The chairman indicated that the profile of their first client was a sign of confidence in the company’s ability to make steady progress in this new line of business. Moreover, 2013 saw the culmination of negotiations on a licence agreement with a major Tier 1 bank, Barclays Bank plc. RS2 was awarded a licence agreement of £8.5 million (equivalent to circa €10 million) and, separately, Barclays then acquired an 18.25 per cent equity stake in the company. This resulted in the UK-based major player becoming the second largest shareholder in the company.

In November 2013, RS2 issued its interim statement confirming that it was in negotiations on further agreements with both new and existing clients. The company stated that it expected such agreements for licensing of Bankworks as well as for managed services to be concluded in early 2014.

During Q1 2014, RS2 officially announced that it signed a licence agreement with the Swedish oil company OK Q8. However, the value of the contract was never disclosed. Shortly afterwards, RS2 issued a press release in connection with the new collaboration agreement with Fexco, Ireland’s most successful financial and business solutions provider.

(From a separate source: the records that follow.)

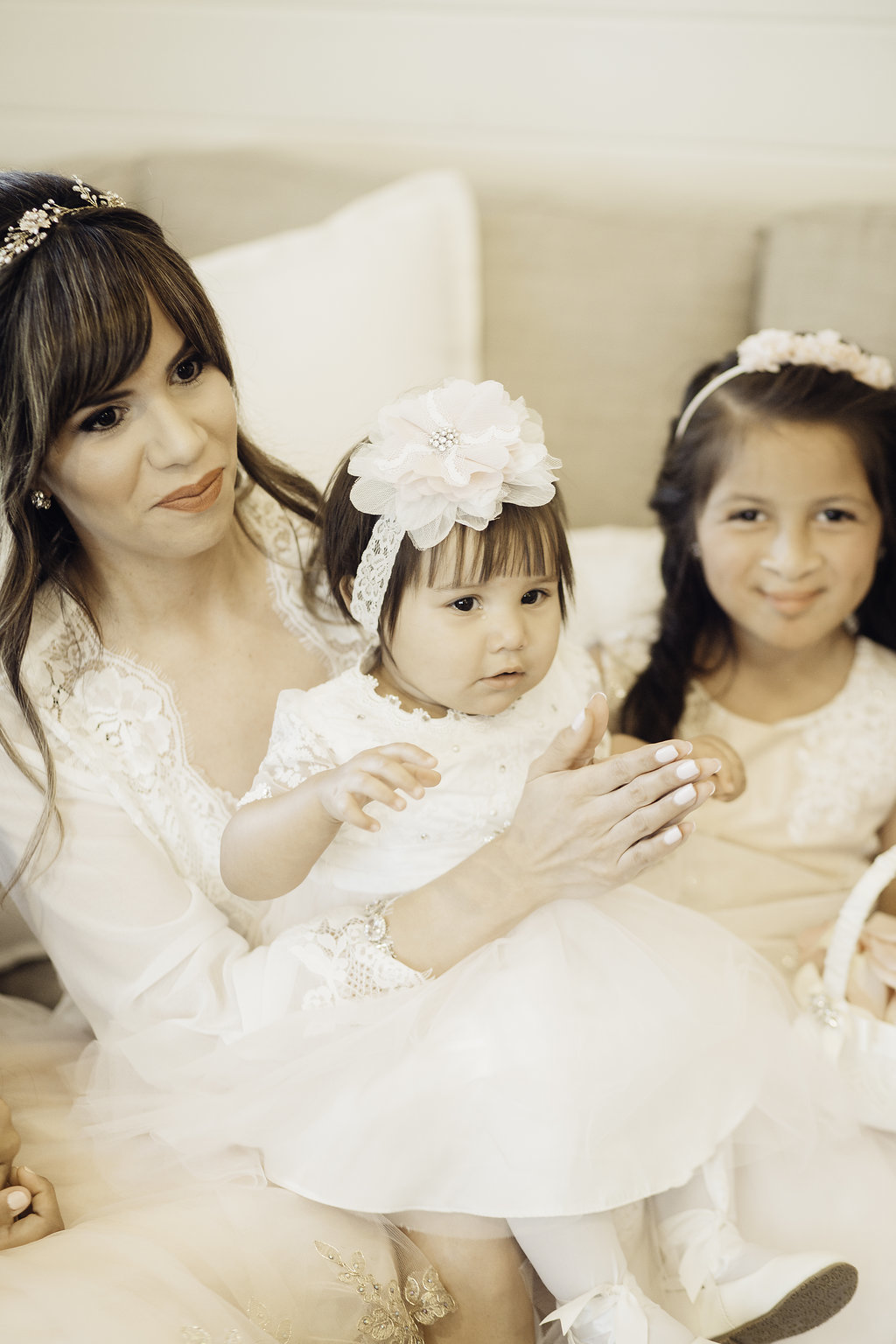 Wedding Photograph Of Woman Clapping While Carrying a Toddler Los Angeles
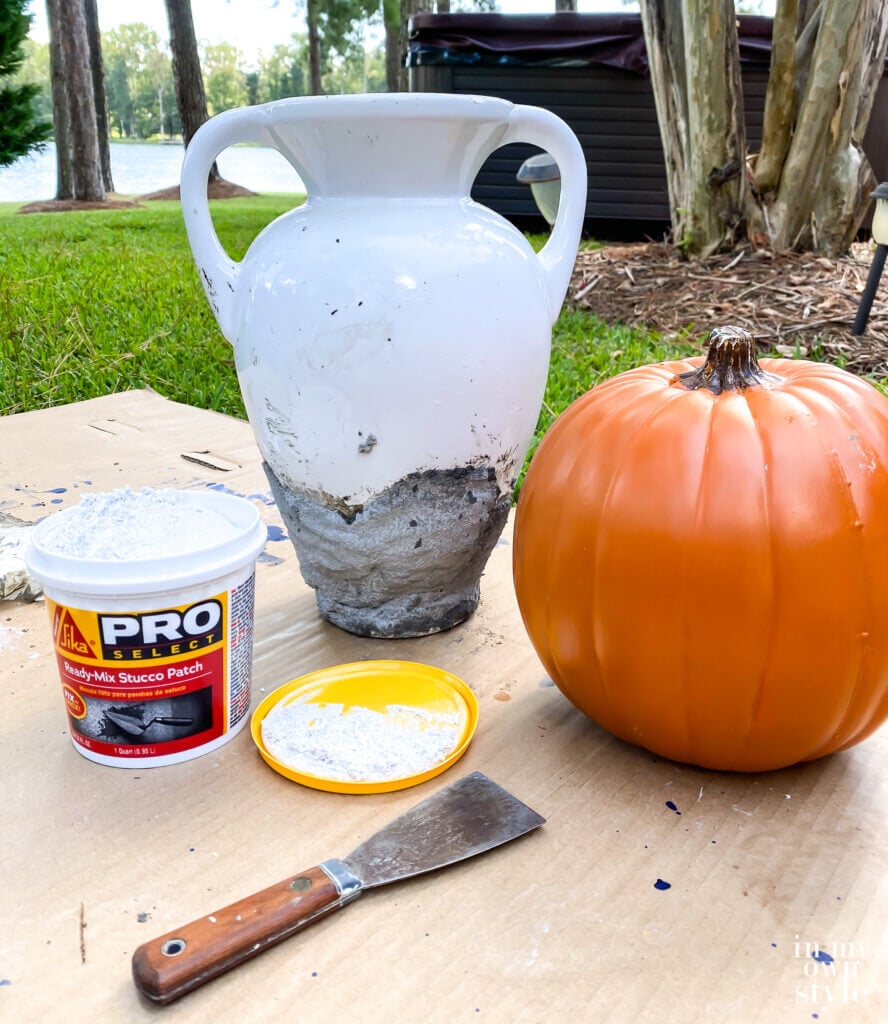 Large chipped white urn and plastic pumpkin before getting the look of DIY aged concrete.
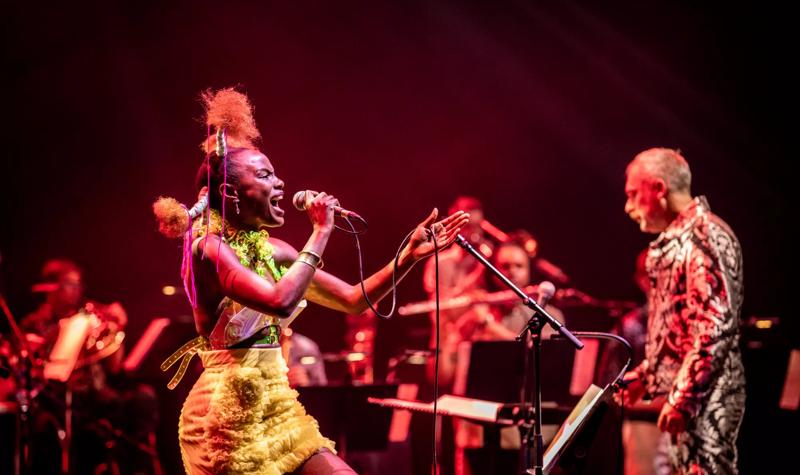 Shingai Shoniwa, a black woman in a bright yellow dress, sings on the Royal Festival Hall stage, behind her, out of focus, are members of the Paraorchestra and the orchestra leader Charles Hazlewood, a white man with white hair, in a bright silver suit
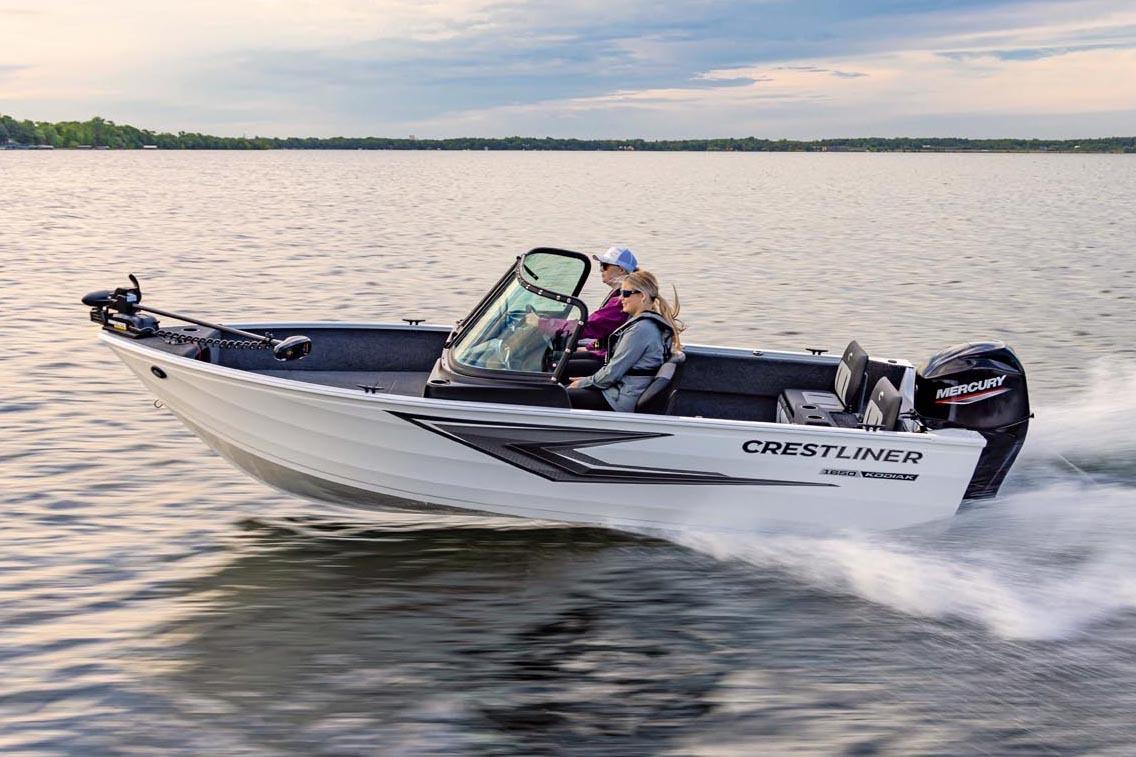 Manufacturer Provided Image: 2026 Crestliner 1650 Kodiak WT boat cruising on a serene lake.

Fexco’s Dynamic Currency Conversion (DCC) service was rolled out via RS2’s Bankworks card management system. Through this innovative technology, international visitors to Malta now have the choice and convenience of paying for goods and services in their home currency in 400 locations. RS2 has fully integrated the Fexcoservice within its core product Bankworks and the aim is for RS2 and Fexcoto extend the DCC service to many more acquirers globally across the Bankworks platform.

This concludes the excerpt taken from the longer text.